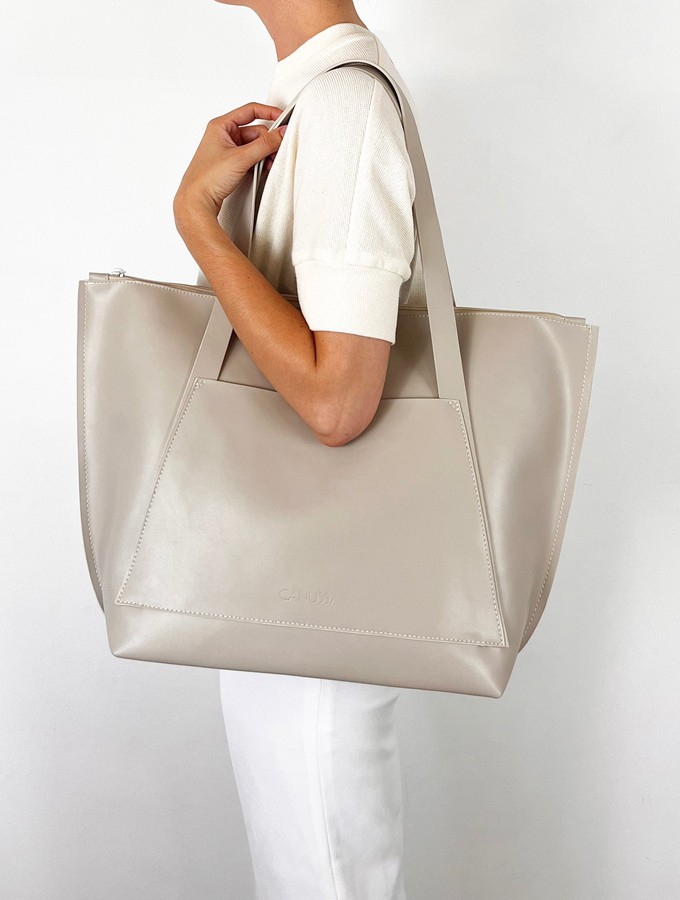 City Shopper - Stone from CANUSSA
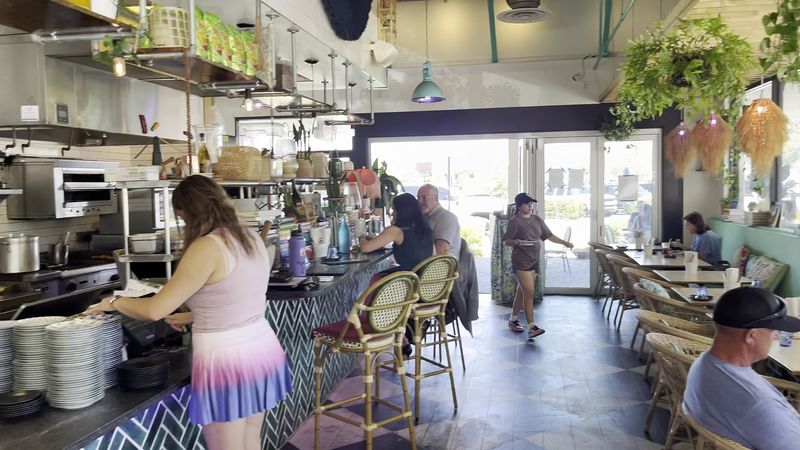 A Setting That Feels Like Nowhere Else in Sarasota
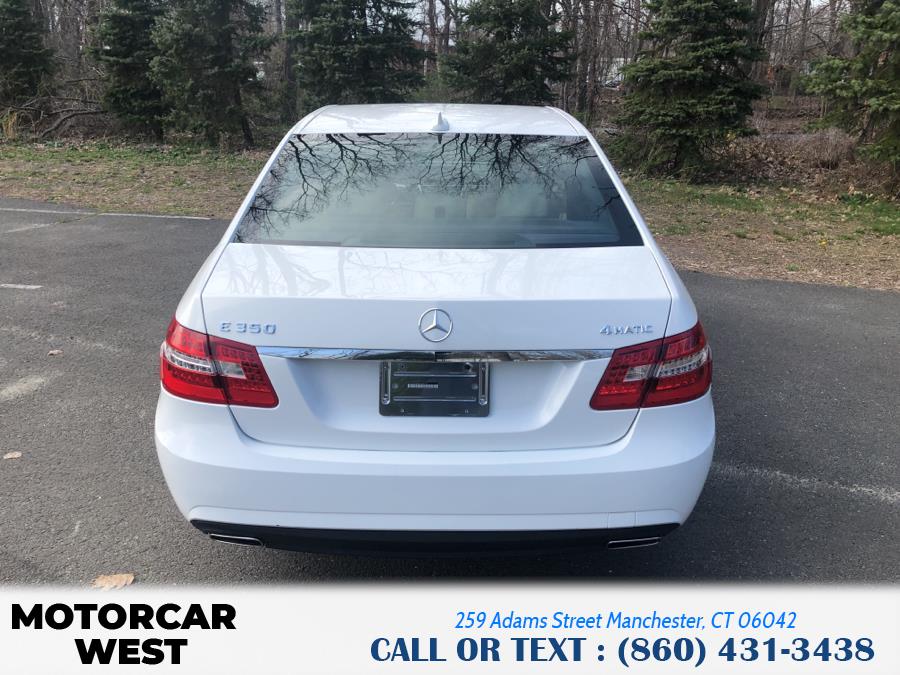 2013 Mercedes-Benz E-Class 4dr Sdn E350 Luxury 4MATIC *Ltd Avail*, available for sale in Manchester, Connecticut | Motorcar West. Manchester, Connecticut 2013 Mercedes-Benz E-Class 4dr Sdn E350 Luxury 4MATIC *Ltd Avail*, available for sale in Manchester, Connecticut | Motorcar West. Manchester, Connecticut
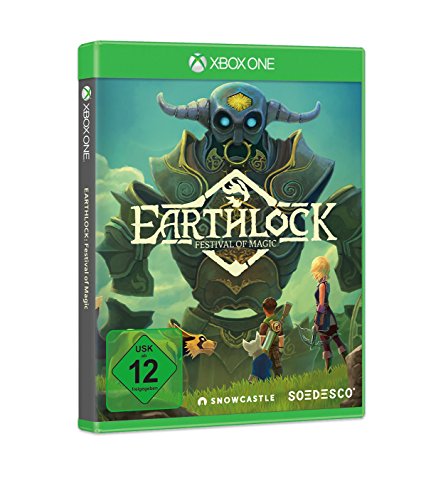 Earthlock - Festival of Magic [Xbox One]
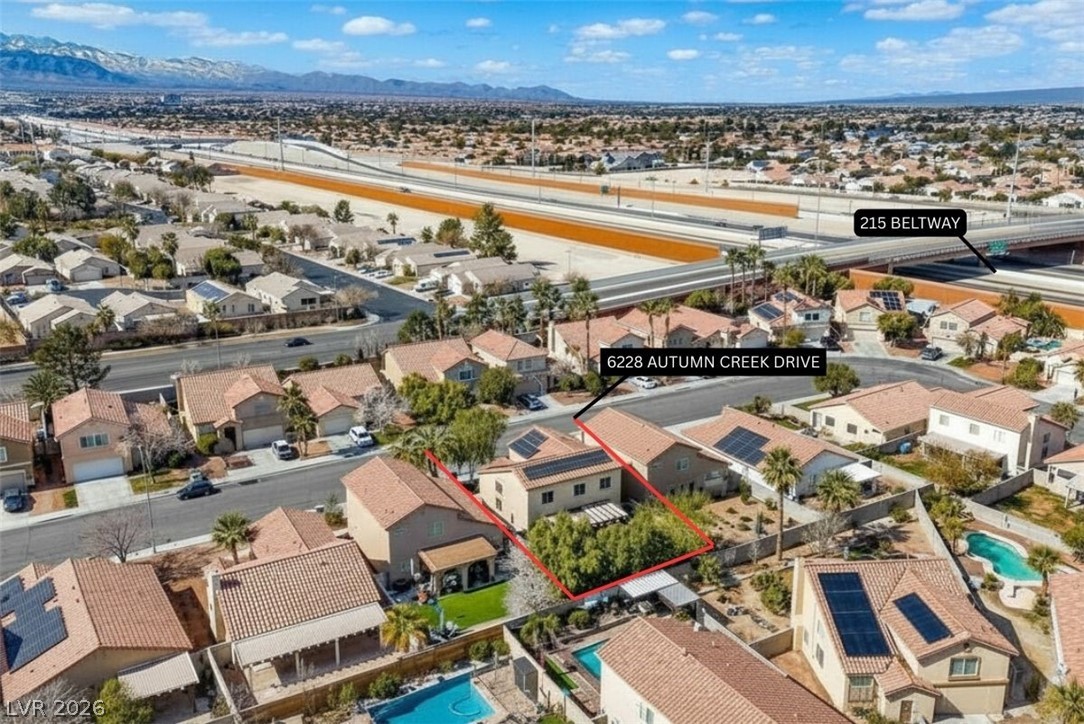 6228 Autumn Creek Drive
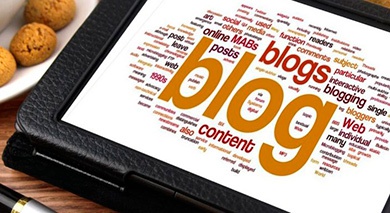 Entenda como alavancar seu blog com estratégias de marketing de conteúdo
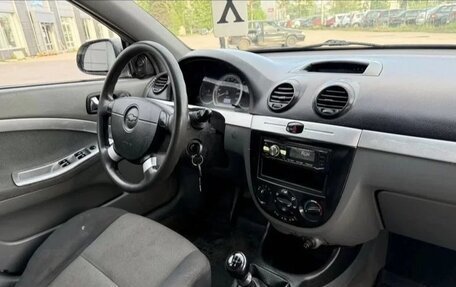 Chevrolet Lacetti, 2010 год, 365 000 рублей, 15 фотография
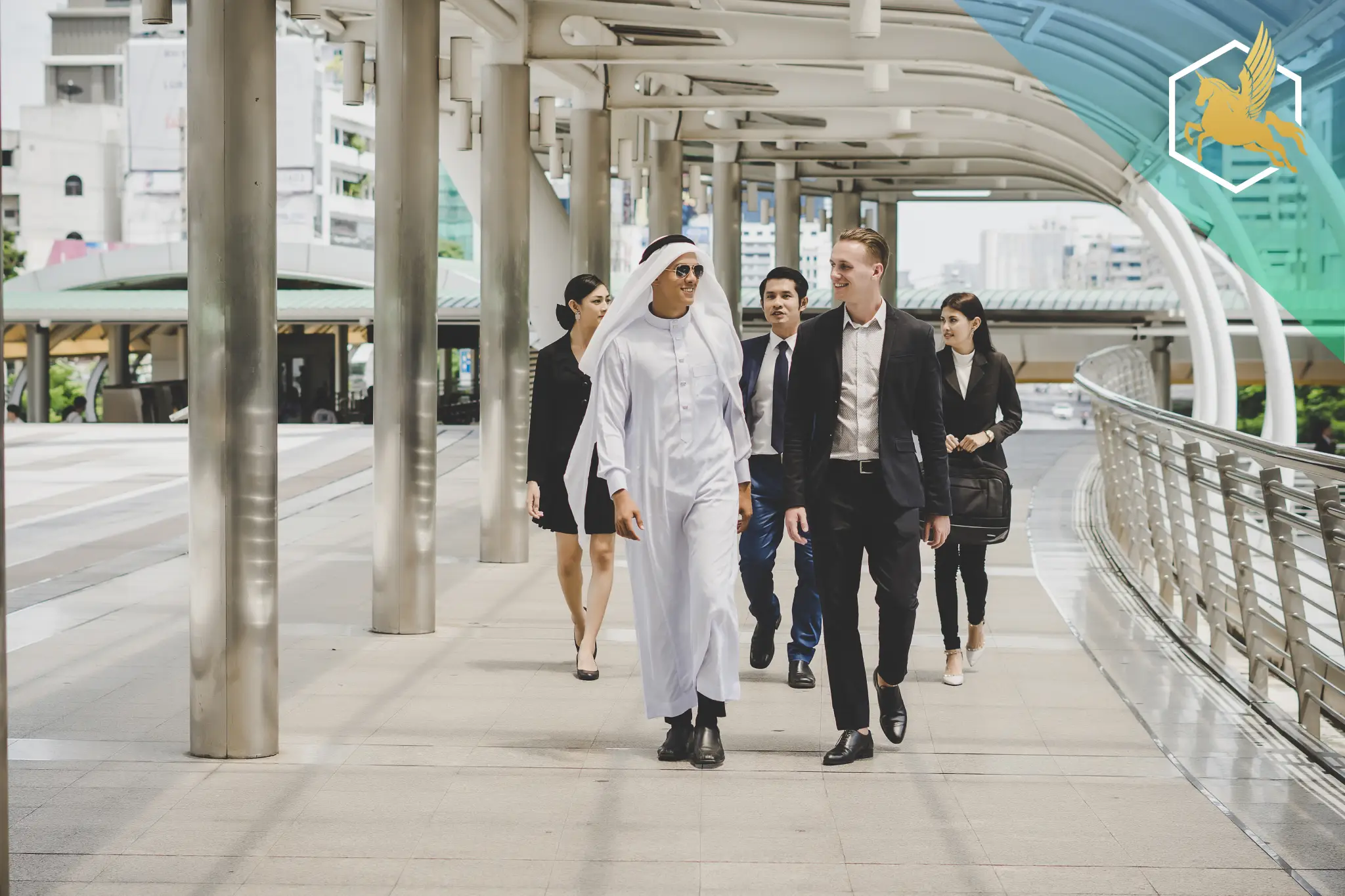 New Business In Dubai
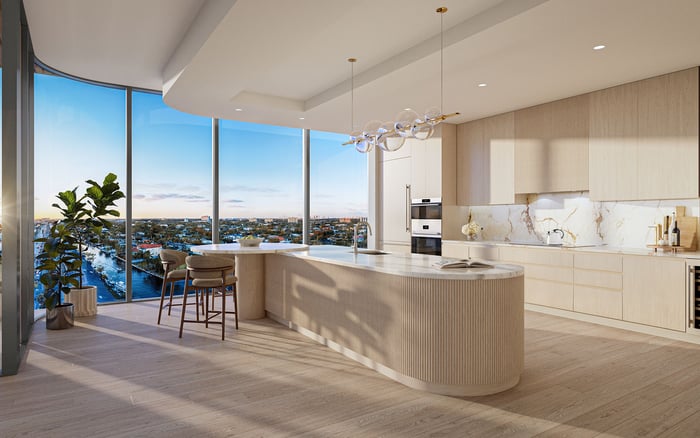 The Strategic Use of Land Trusts to Maintain Anonymity in Miami Condominium Acquisitions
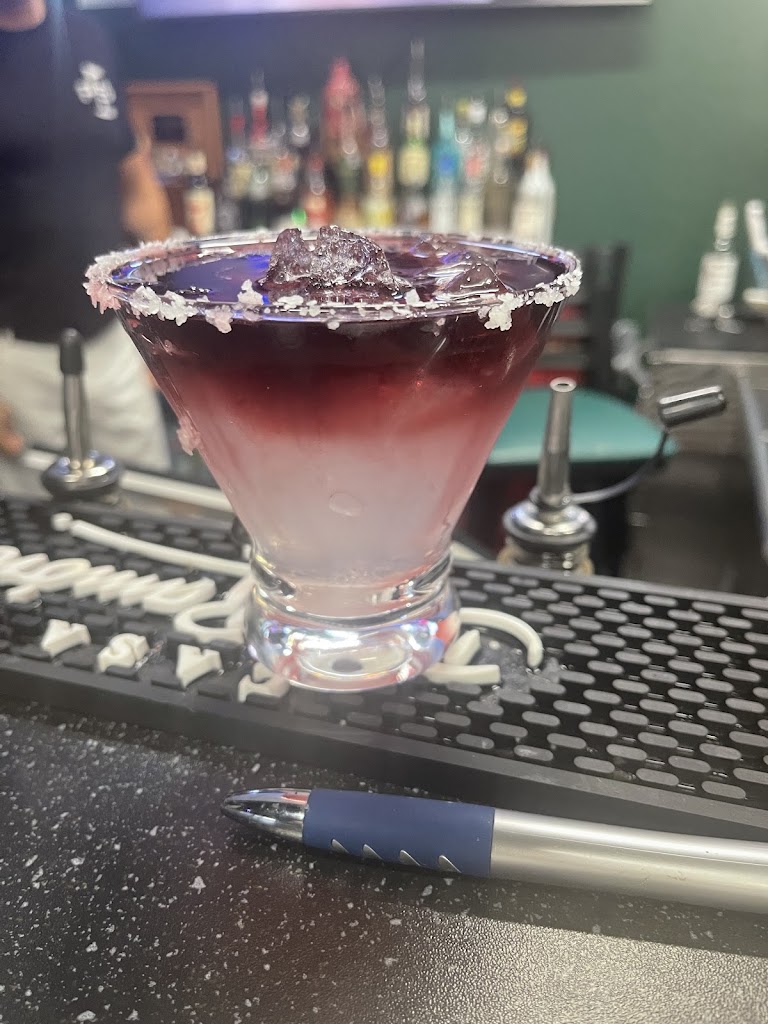 Pin Seeker's Golf Lounge - review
*-*-*
To do: Return the lines exactly as they stand, from the start of the entries through the line holding "New Business In Dubai"; omit the pictures.

Answer:
 City Shopper - Stone from CANUSSA
 A Setting That Feels Like Nowhere Else in Sarasota
 2013 Mercedes-Benz E-Class 4dr Sdn E350 Luxury 4MATIC *Ltd Avail*, available for sale in Manchester, Connecticut | Motorcar West. Manchester, Connecticut 2013 Mercedes-Benz E-Class 4dr Sdn E350 Luxury 4MATIC *Ltd Avail*, available for sale in Manchester, Connecticut | Motorcar West. Manchester, Connecticut
 Earthlock - Festival of Magic [Xbox One]
 6228 Autumn Creek Drive
 Entenda como alavancar seu blog com estratégias de marketing de conteúdo
 Chevrolet Lacetti, 2010 год, 365 000 рублей, 15 фотография
 New Business In Dubai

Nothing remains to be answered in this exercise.